DATA section start

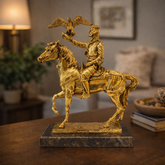Golden Arabian Rider with Falcon – Luxurious Artistic Sculpture by Anglada Esculturas - Main View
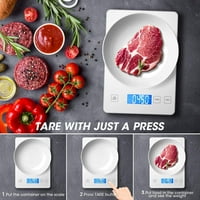 Vaga za hranu, Digitalna kuhinjska bijela vaga od 22 kilograma u gramima i uncama za pečenje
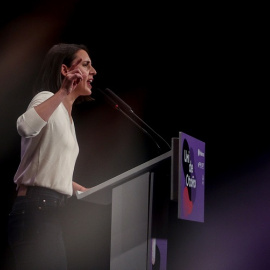 La secretaria política de Podemos y eurodiputada, Irene Montero, interviene durante el acto central de la Universidad de Otoño de Podemos el pasado 19 de octubre.  - Ricardo Rubio / Europa Press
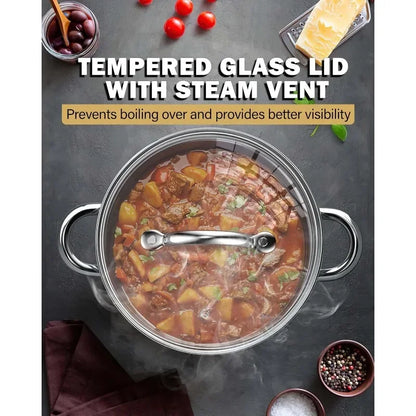 Stainless Steel Pots and Pans, Silver,  12 Piece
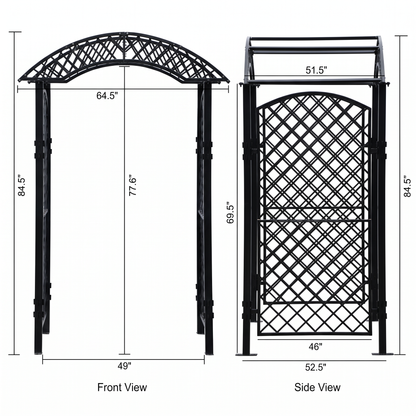 H Potter Savannah Garden Arbor – Black Iron Garden Trellis Arch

DATA section end

- WHAT IS NEEDED: Only the pictures are to be omitted; the records above must otherwise be reproduced exactly.

- FINISHED EXERCISE:
Golden Arabian Rider with Falcon – Luxurious Artistic Sculpture by Anglada Esculturas - Main View
 Vaga za hranu, Digitalna kuhinjska bijela vaga od 22 kilograma u gramima i uncama za pečenje
 La secretaria política de Podemos y eurodiputada, Irene Montero, interviene durante el acto central de la Universidad de Otoño de Podemos el pasado 19 de octubre.  - Ricardo Rubio / Europa Press
 Stainless Steel Pots and Pans, Silver,  12 Piece
 H Potter Savannah Garden Arbor – Black Iron Garden Trellis Arch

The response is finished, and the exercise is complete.